How to complete this task:
Would you please transcribe the records below exactly, leaving out the pictures?

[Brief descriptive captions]
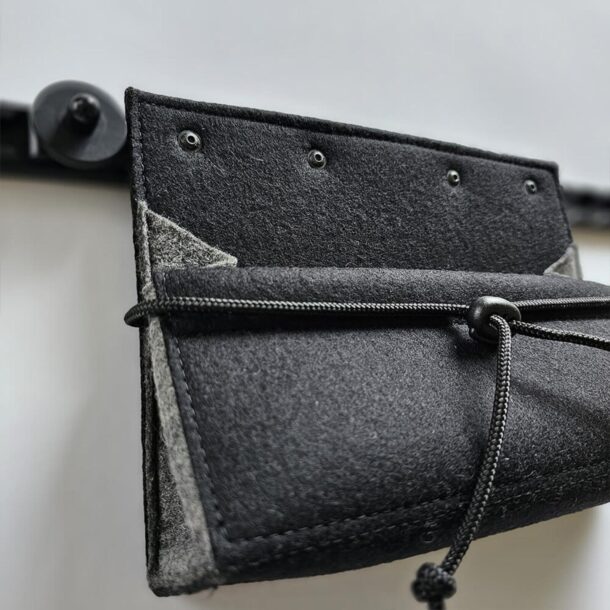 Wollfilz Tasche, schwarz-grau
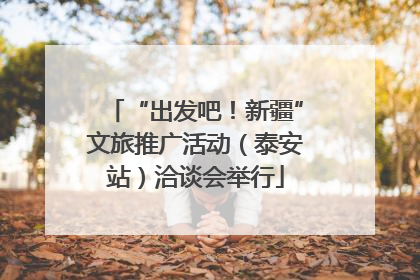 “出发吧！新疆”文旅推广活动（泰安站）洽谈会举行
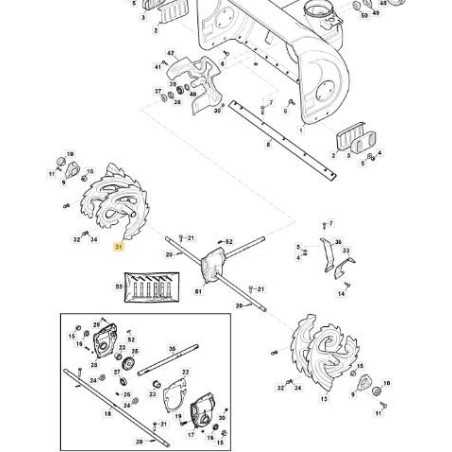 AUGER-RIGHT ORIGINAL STIGA - 1811-2984-01 | NewgardenParts.com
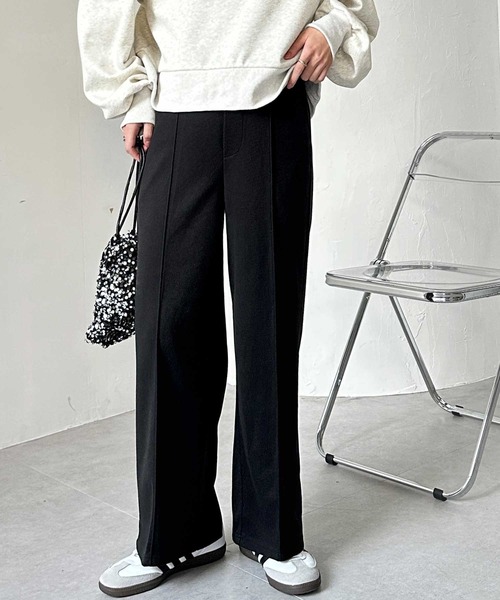 GeeRA スラックス パンツ 美脚ストレッチセミワイドパンツ レディース - 画像 (6)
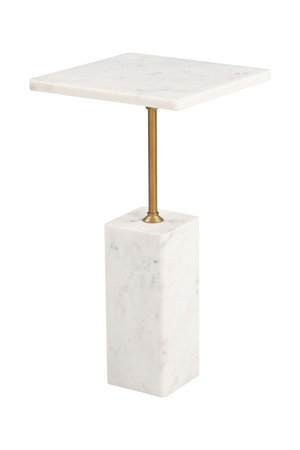 Square White Marble Side Table | OROA Modern Naht | OROA.com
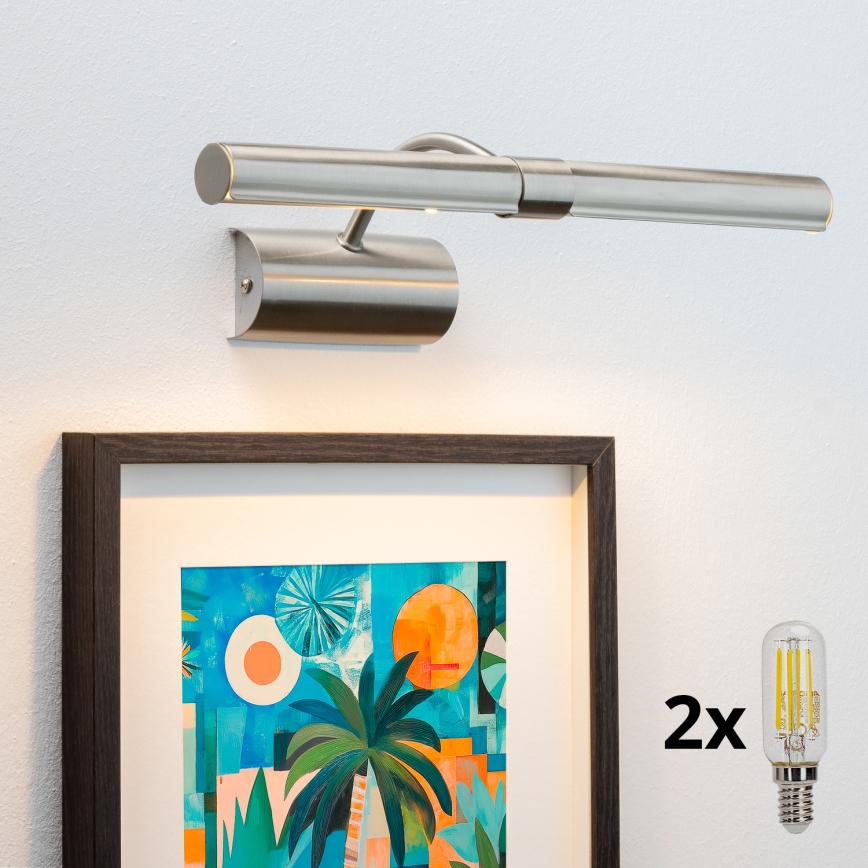 Brilagi - LED gallerilampe DANAE 2xE14/4W/230V 3000K mat krom
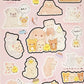 San-x Always With Rilakkuma Stickers Sticker Sheet Japan Kawaii Stationery A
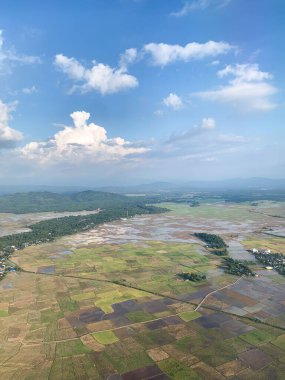 Yukarıdan uçma görünümü.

Written solution:
 Wollfilz Tasche, schwarz-grau
 “出发吧！新疆”文旅推广活动（泰安站）洽谈会举行
 AUGER-RIGHT ORIGINAL STIGA - 1811-2984-01 | NewgardenParts.com
 GeeRA スラックス パンツ 美脚ストレッチセミワイドパンツ レディース - 画像 (6)
 Square White Marble Side Table | OROA Modern Naht | OROA.com
 Brilagi - LED gallerilampe DANAE 2xE14/4W/230V 3000K mat krom
 San-x Always With Rilakkuma Stickers Sticker Sheet Japan Kawaii Stationery A
 Yukarıdan uçma görünümü.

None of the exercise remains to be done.